I was unsuccessful in filling my mule deer buck license in a restricted unit during the youth season. Can I hunt the remainder of the state during the regular gun season? No. You are restricted to the same unit as during the youth season.
I shot a deer, but it is rotten. What can I do? You must take possession of the animal by tagging it. A license only allows you the opportunity to hunt. It is not a guarantee to harvest a deer, or to the quality of the animal.
What should I do if I find a wounded deer? Contact a game warden. Do not shoot the deer unless you want to tag it or are instructed by the warden to do so.
Is camouflage blaze orange acceptable for the deer gun season? No. You must wear both a hat and outer garment above the waistline totaling at least 400 square inches of solid daylight fluorescent orange.
I hunt with a bow. When do I have to wear orange? Only during the regular deer gun season.
Can I hunt road rights-of-way? Do not hunt on road rights-of-way unless you are certain they are open to public use. Most road rights-of-way are easements under control of the adjacent landowner and are closed to hunting when the adjacent land is posted closed to hunting.
Can I hunt on a section line if it is posted on both sides? No. If the land is posted on both sides, the section line is closed to hunting, but is still open for travel.
Can I hunt over bait on private land? It is unlawful to hunt over bait, or place bait to attract big game for the purpose of hunting, in deer hunting units 3A1, 3A2, 3A3 north of U.S. Highway 2, 3B1, 3C west of the Missouri River, 3E1, 3E2, 3F1 and 3F2.
What if I want to have a mount made by a taxidermist and take the meat to a butcher shop?
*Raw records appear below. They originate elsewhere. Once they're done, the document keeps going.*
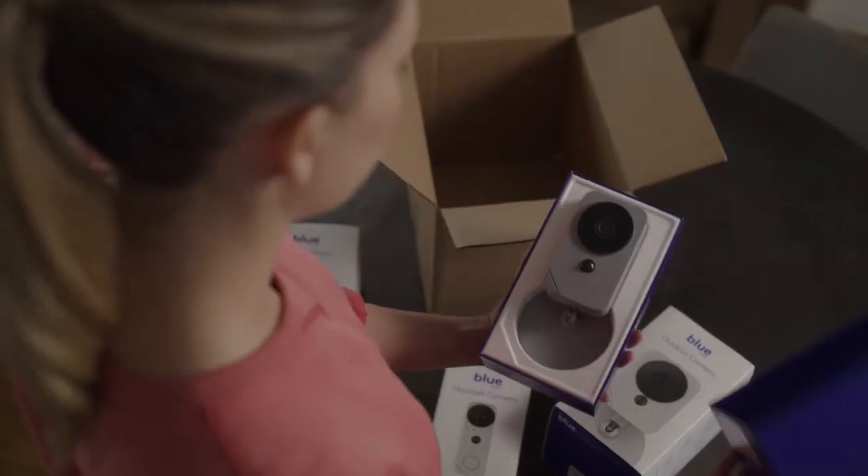We believe the strong product capabilities and the backing by ADT's professional monitoring services make this a highly competitive smart home security solution for millions of Americans.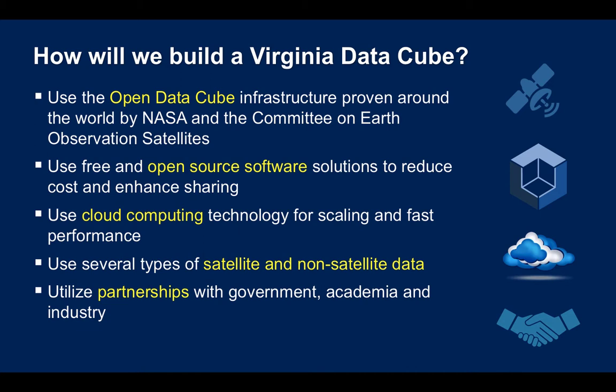We can bring together satellite data and non-satellite data to better tackle Virginia's problems. And we can utilize partnerships from all kinds of groups: government, academia, and industry.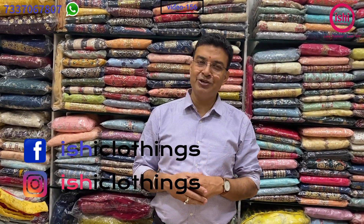Welcome back to Ishii Clothings. Love fashion, love Ishii. Be unique, be gorgeous. Please do like, share and subscribe to our channel Ishii Clothings. You can also follow us on Facebook as well as Instagram with the same name Ishii Clothings, and visit our website www.ishiclothings.com.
How do I keep the tag with it all? The tag should remain with the antlers and the carcass tag should remain with the meat.
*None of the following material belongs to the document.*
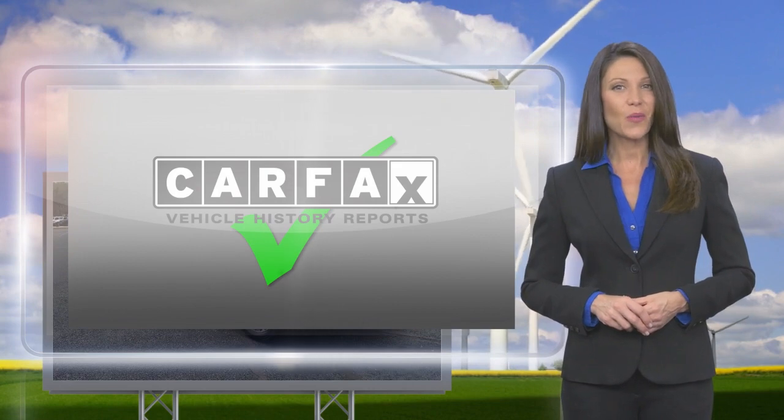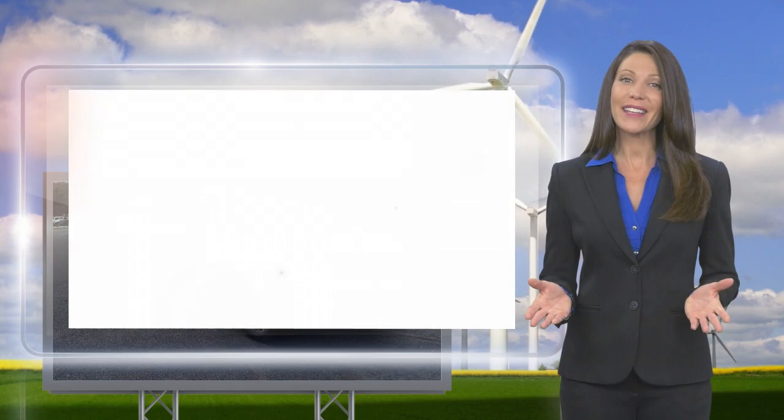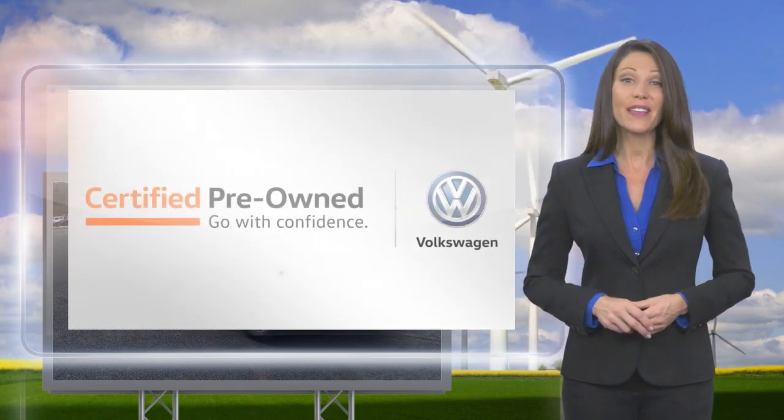extensive vehicle warranty, emergency roadside assistance, and more. Volkswagen certified. A brand new way to think about used cars.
I shot a deer in a unit that has carcass transportation restrictions (3A1, 3B1, 3F2). What field dressing restrictions must I follow? Hunters cannot transport the whole carcass containing the head and spinal column outside of the unit. Exceptions: meat that has been boned out; quarters or other portions of meat with no part of the spinal column or head attached; meat that is cut and wrapped either commercially or privately; hides with no heads attached; skull plates with antlers attached having no hide or brain tissue present; intact skulls with the hide, eyes, lower jaw and associated soft tissue removed, and no visible brain or spinal cord tissue present; antlers with no meat or tissue attached; upper canine teeth, also known as buglers, whistlers or ivories; and finished taxidermy heads. However, hunters can transport the whole deer carcass between units 3A1 and 3B1 during any open deer season.
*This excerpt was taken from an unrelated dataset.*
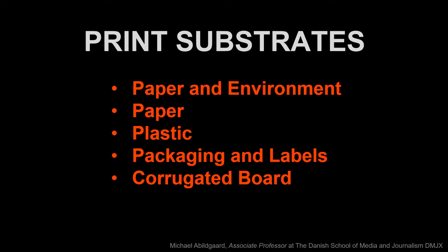Welcome to this slideshow about print substrates. I will talk about paper and environmental issues, about plastic production and plastic types, about packaging and labels, and about corrugated boards.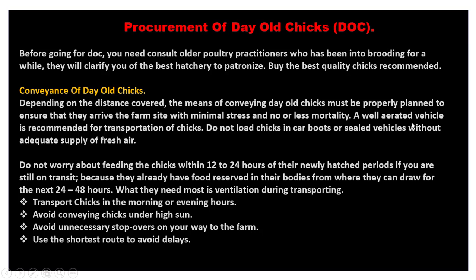A well-aerated vehicle is recommended for transportation of chicks. Do not load chicks in car boots or sealed vehicles without adequate supply of fresh air. If someone is bringing them for you, make sure you take adequate measures — do not load your day-old chicks in a car boot that will be completely closed unless you have a quality AC in your car.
Can I retrieve a wounded deer from posted land? If the deer was shot on land where you had a legal right to be and it ran onto posted land, you may retrieve it. However, you may not take a firearm or bow with you. The department suggests contacting the landowner as a courtesy prior to entering.
What if the landowner says I cannot retrieve a deer from posted land that was shot on land where I had a right to be? Contact a game warden.
Can I drive off a trail on private land to retrieve a deer? Unless prohibited by a landowner or operator, you may drive off-trail on private land once a deer has been killed and properly tagged. You must proceed to the carcass by the shortest accessible route and return to the road or trail by the same route.
Can I transport someone else’s deer? Yes, but you will need a transportation permit from a game warden. The license holder, person transporting the animal, and the carcass must be presented to the game warden before the permit is issued.
May I carry a pistol when I am hunting with a deer rifle? Yes, but the handgun must meet minimum requirements listed in the deer hunting regulations to be legal for taking deer.
Can I carry both bow and gun afield during deer gun season if I have both licenses? Yes, but only if you are going to fill your gun license. No firearms, except handguns, may be in the hunter’s possession while hunting with a deer bow license. However, handguns may not be used in any manner to assist in the harvest of a deer with an archery license.